- Born: 2 April 1977 (age 49) Nice, France
- Education: Centre de formation des journalistes
- Occupations: Journalist, television presenter
- Years active: 2001–present
- Television: I-Télé (2001–07) Canal+ (2002–07) France 4 (2010–11) RTL2 (2014–16)

= Stéphanie Renouvin =

French journalist and television presenter

Stéphanie Renouvin (born 2 April 1977) is a French journalist and television presenter.

== Early life and education ==

Stéphanie Renouvin was born in Nice in the department of Alpes-Maritimes. From 1986 to 1994, she studied at the Conservatory of Nice. After graduating with a hypokhâgne and a khâgne in high school in Nice, then a licence of history at the Sorbonne University, she graduated in journalism at the Centre de Formation des Journalistes (CFJ) of Paris in 2001.

== Television career ==
In 2001, she began her career on television on the news channel LCI as a redactor and commentator. In November of that year, she joined the news channel I-Télé from the Canal+ Group. In January 2002, she began co-hosting the midday news on both Canal+ and I-Télé, that she even presented alone during summer 2002. The news program is broadcast for the 2002–03 season, then removed from the list of Canal+. During the 2003–04 season, she presented the weekend news on Canal+ and also including a weekly chronicle in Merci pour l'info, the prime time program presented by Emmanuel Chain on the same channel.

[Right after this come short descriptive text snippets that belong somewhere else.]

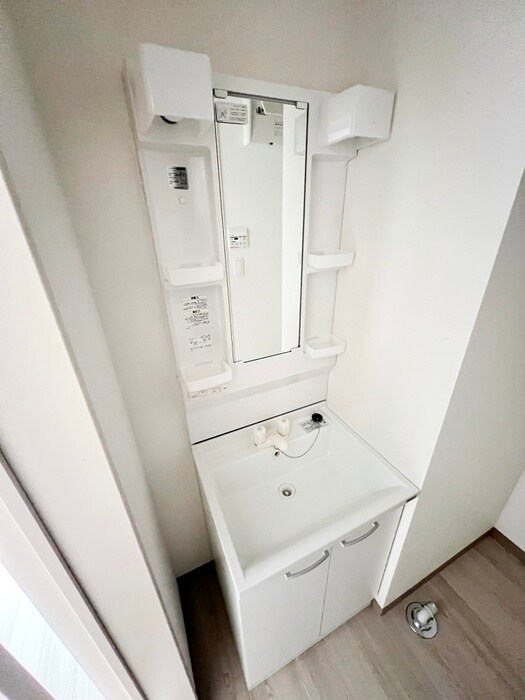 物件内観写真11　(洗面)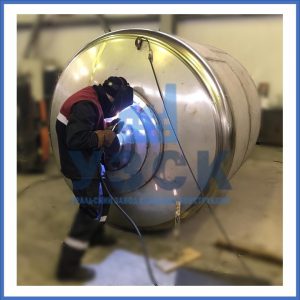 Купить баки и ёмкости из нержавеющей стали от завода УЗСК в Саратове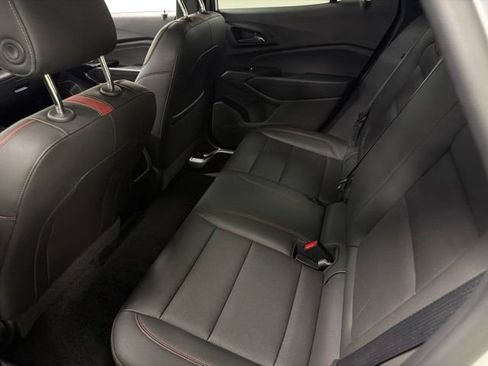 Used 2025 Chevrolet Trax RS w/ Driver Confidence Package FWD image 13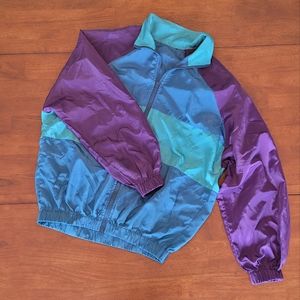Lightweight 90s Style Windbreaker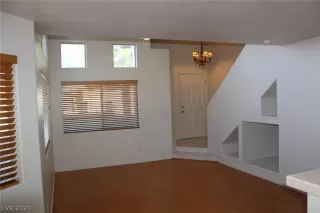 Photo #4: 2279155 Listing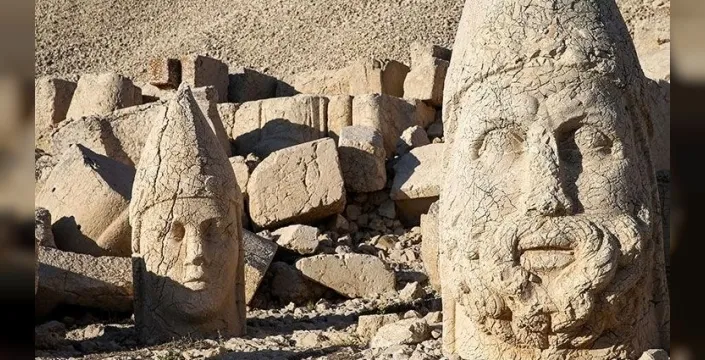 Nemrut Dağı'nda turist rekoru: 7 yılda 1 milyon ziyaretçi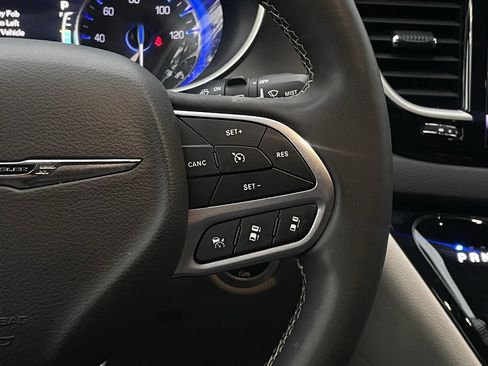 Used 2023 Chrysler Pacifica Touring-L image 14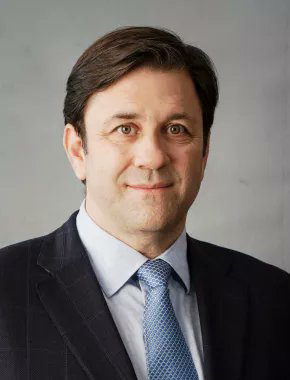 SonPolemicas's tweet photo. Un Fiscal que esté seguro de ganar un caso como el de Maduro, que lo está siguiendo el Mundo entero, no renuncia jamás.
Ningún Fiscal pierde la oportunidad de llenarse de gloria con un caso así, solo renuncia el Fiscal que sabe que vá a perder y quiere evitarse el bochorno. https://t.co/OiLAKezjlB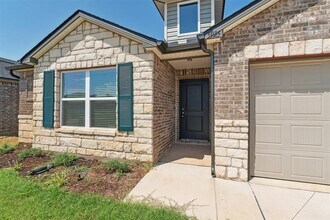 5925 Bradford Pear Ln in Edmond, OK - Building Photo - Building Photo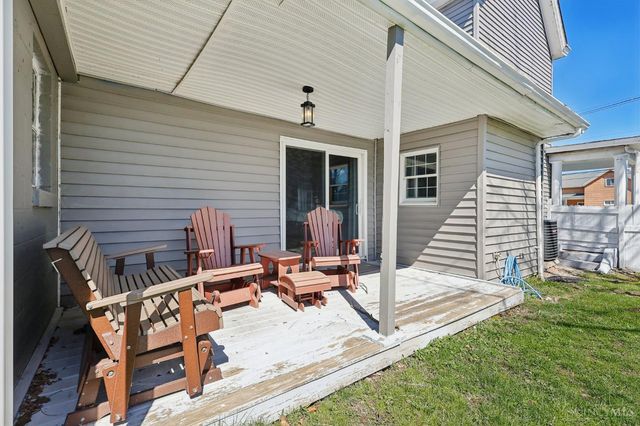 213 N Broadway St, Blanchester, OH 45107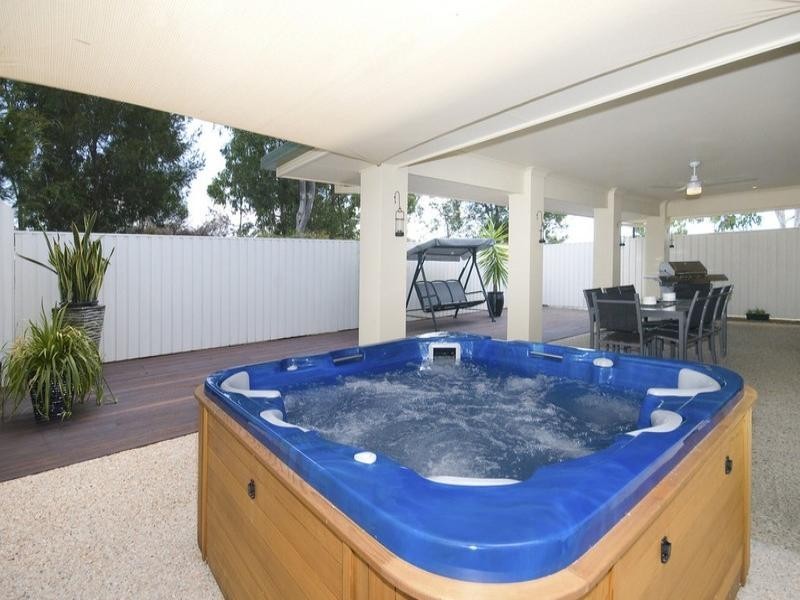 33 Bottlebrush Street, Heathwood QLD 4110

From September 2004 to June 2006, she co-hosted the program La Matinale on Canal+. The program is also broadcast on I-Télé during the 2004–05 season. In September 2006, she left the presentation of the program and was replaced due to maternity leave. In January 2007, back from the maternity leave, she returned to presentation. Until summer 2007, she presented the daily news in the program En aparté on Canal+. In September 2007, she presented the daily news in the program L'édition spéciale from Monday to Friday on the same channel. She also presented StarMag every evening from Monday to Friday on TPS Star. In December 2007, due to the departure plan organized by the direction, Stéphanie Renouvin lest the channel and the Canal+ Group.

In November 2010, Renouvin joined the channel France 4 to present Certains l'aiment show, a program between news and entertainment, where according to EDEN, who produced her program, she wanted to associate her two passions that are information and artistic creation. In March 2011, after two episodes of 90 minutes with four columnists and reportages, the program was reduced to 60 minutes with two columnists and became weekly to be broadcast on Friday during the second part of the evening. The program was ended in April of that year due to lack of audience. In February 2011, Stéphanie Renouvin co-hosted with Cyril Hanouna the Victoires de la musique on France 4.

In September 2013, Renouvin presented the news program D8 le JT and also became a columnist on the talk show Le Grand 8 on D8. From August 2014 to July 2016, she co-hosted the morning program Le Grand Morning on RTL2, replacing Louise Ekland. In September 2016, she presented Pop-Rock Story on the same channel on Sunday during the first part of the evening. She later joined the channel W9 to present the new programs État de choc et Véto de choc.

== Personal life ==
In July 2008, Stéphanie Renouvin married Julien Hervé, author of Les Guignols de l'info. They have two children, including a son born in October 2006.